I must dedicate this blog post to my teacher, Dr. Joanne Metcalf, who first introduced me to Ryoanji, a later composition by John Cage, and for me, one of his most beautiful works. The composition takes it name from a famous, dry rock garden in Kyoto that consists of only a few rocks that rise out of a plot of raked, white gravel. Not only is Cage’s composition named after this garden, the score itself consists of drawings of the rocks which are used as pitch contours for a soloist. There is also a percussionist who performs a simple obbligato, perhaps mirroring the simple figure-ground relationship of the stones and gravel.
Upon arriving in Kyoto yesterday morning, Ryōan-ji was the first place I went. The garden is a half-hour from the city center, at the very end of bus 50’s route. From the final stop you walk a quarter mile over a hill and past deciduous forests that lie at the very edge of Kyoto. This being winter, you might think that Ryōan-ji would be desolate, but the approach to the famous viewing room was anything but. The gardens that surround Ryōan-ji would be a tourist destination in their own right even without their more famous neighbor. The paths that lead to the rock garden follow the shore of a lake through mossy forests that remain lush even in this season. To access Ryōan-ji you pay your entrance fee, remove your shoes, and then walk along viewing platform. Behind this platform is a tatami-mated Zen temple.
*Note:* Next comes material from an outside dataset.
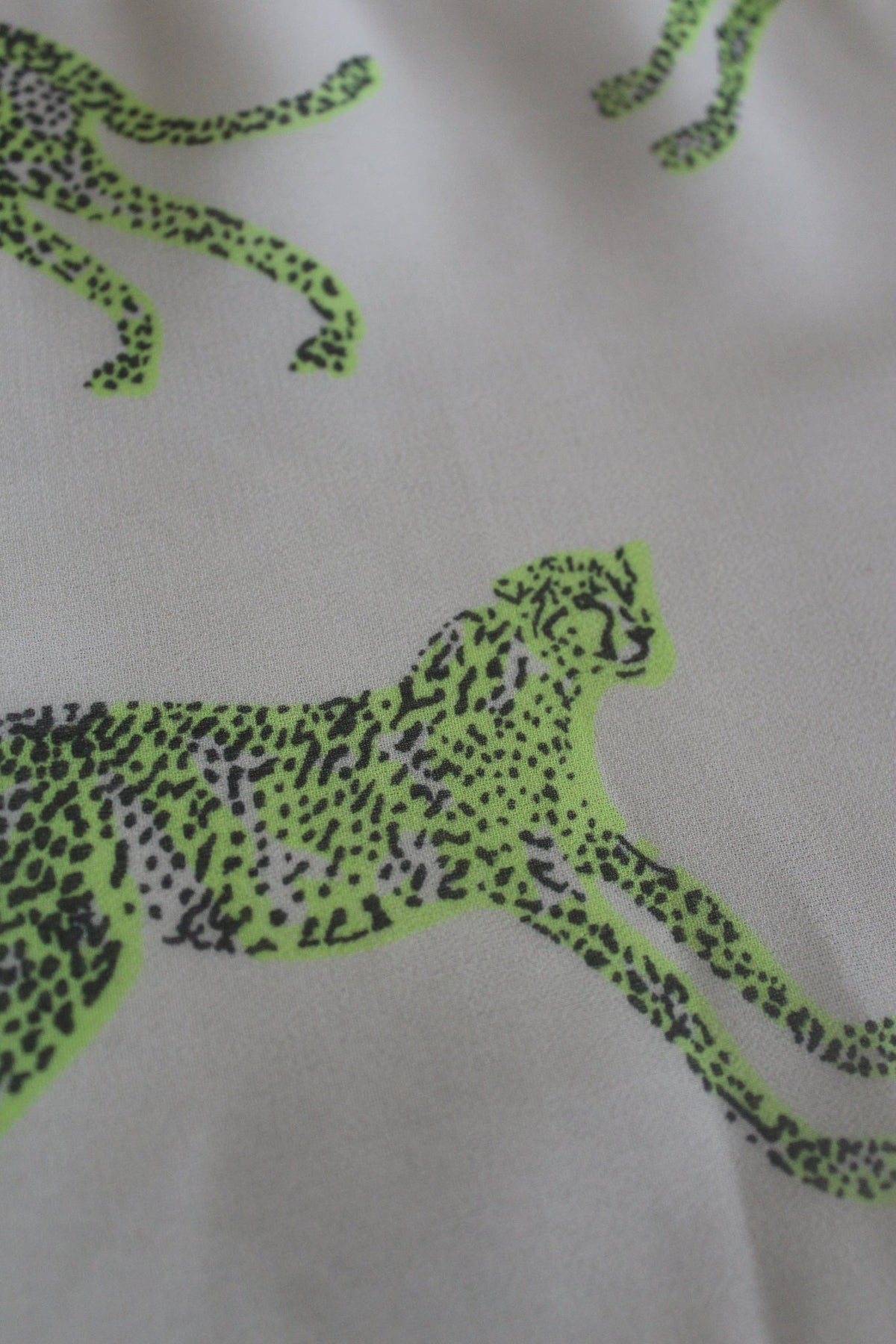 Knee- length animal printed tunic U fashion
I had not anticipated the beauty of the baked clay wall that surrounds the garden. Apparently the clay was first boiled in oil to prepare it for use as a building material, and this oil has slowly seeped out over the centuries to form a subtle, organic pattern that perfectly highlights the visual space.
Ryōan-ji and Cage’s Ryoanji are beautiful metaphors for the kind of sounds I like best. Both are unhurried, unremitting, full of space and breath. Although sound can only ever be a metaphor for visual impressions, I can’t think of a sound that better represent the experience of looking out over those minimalistic spires of stone than does Ryoanji. Such a connection would not have seemed odd to the patriarch of Japanese, twentieth-century classical music. I’ve been reading Toru Takemitsu’s collected writings in translation in the collection Confronting Silence,1 and these words particularly struck me:
A lifestyle out of balance with nature is frightening. As long as we live, we aspire to harmonize with nature. It is this harmony in which the arts originate and to which they will eventually return. Harmony, or balance, in this sense does not mean regulation or control by ready-made rules. It is beyond functionalism. I believe what we call “expression” in art is really discovery, by one’s own mode, of something new in this world. (“Nature and Music”)
And in the essay “The Garden of Music”:
For Arc I divided the orchestra into four solo instrumental groups, namely woodwinds, strings, brass, and percussion. Different roles were assigned to each group. The solo piano assumes the role of an observer strolling through the garden. In the same way that plants and sand exist in a given space in their own time, changing with the climate and season, and that the entire garden is affected by the change from day to night, so do musical aspects change in this piece.
1 Takemitsu, Toru; Kakudo, Yoshiko; Glasow, Glenn; Ozawa, Seiji (1995-01-01). Confronting Silence (Fallen Leaf Monographs on Contemporary Composers). Rowman & Littlefield.